Volume 93, Issue 10

Wednesday, September 15, 1999


West Side crackles with high energy

Royal Trux driven by independence

Ellis novel worth retrospect

Days, Moxy have big returns

West Side crackles with high energy

Photo by Cylla Von Tiedemann
YOU WANT ME TO PUT THE TOONIE WHERE? Tyley Ross and Ma-Anne Dionisio play a little "Snakes and Ladders" in Stratford's West Side Story.

By Brad Lister

Gazette Staff

Boy meets girl. Boy and girl fall in love. Boy kills girl's brother. Perhaps this isn't the best way to start off a relationship, but it does make for a compelling story.

Doomed lovebirds Tony and Maria still manage to forge a union despite these circumstances in the classic American musical West Side Story, now on stage at the Stratford Festival.

It has often been said there are only a handful of stories to tell, with a limited number of plots to provide their conflicts. It is the writer's individual interpretation which makes each of them unique. Boy meets girl is one of those many plots which have been adapted and re-adapted for centuries by writers in countless languages.

William Shakespeare's classic variation on the theme, Romeo and Juliet, provides the inspiration for this musical. West Side Story replaces Shakespeare's Montague and Capulet families with the Sharks and the Jets, two rival gangs dueling for supremacy in the slums of New York.

The musical begins with Riff, the leader of the Jets, who tries to convince his best friend Tony to help him defeat the rival Sharks in a street fight. Before the rumble, Tony meets a beautiful girl named Maria who, unbeknownst to him, is the sister of the Sharks' leader, Bernardo. It is their single-minded love which allows them to forget they are supposed to be bitter enemies and that Maria has been promised by her family to marry Bernardo's compatriot, Chino.

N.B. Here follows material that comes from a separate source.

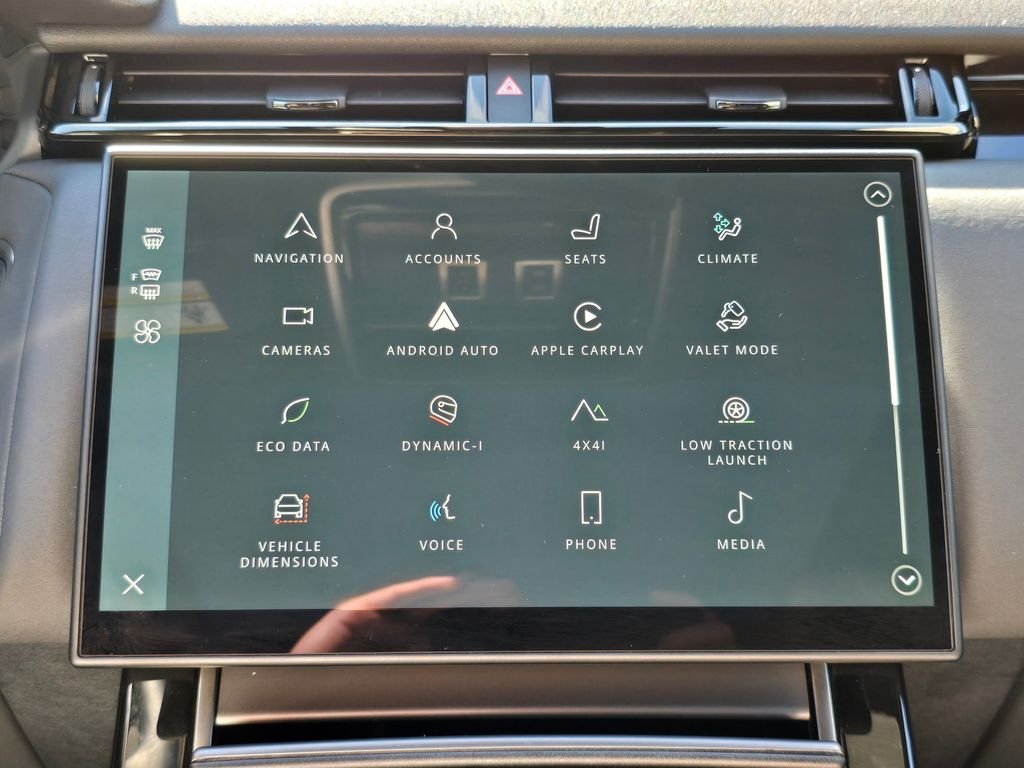 Certified Used 2025 Gray Land Rover Dynamic SE image 21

These tumultuous conflicts are what drives West Side Story and has helped it endure since famed choreographer Jerome Robbins first conceived the classic musical in 1957. Familiarity with the classic theme should be the focus of directors looking to mount future productions. Unfortunately, many productions fail in tending to stick to what the audience expects. When the performances and the dance numbers fail to equal the audience's expectations, they leave disappointed.

Thankfully, this Stratford production does not let the audience down, as director Kelly Robinson keeps a brisk pace. None of the actors try to go over the top with their performances and when the mood requires a subtle touch, it is well delivered. Choreographer Sergio Trujillo delivers incredibly high energy dance numbers which leave the audience applauding.

What holds Stratford's production together, however, is the vibrant performances by the stars of the show, Tyley Ross as Tony and Ma-Anne Dionisio as Maria. Both have beautiful voices that reach clear up into the balconies during their respective solos. Ross's love ballad "Maria" is haunting, infectious and sweetly honest. During the second act, after discovering the love of her life has murdered her brother, Dionisio's rendition of "I Have a Love" convinces the audience of her love for Tony, no matter the consequence.

This production lives up to all expectations and delivers so much more. Stratford's West Side Story is a high-energy show filled with both light and dark moments which remains incredibly accessible to the masses. It is engaging, entertaining and makes for a perfect evening at the theatre.

West Side Story continues to play at the Avon Theatre until Nov. 6.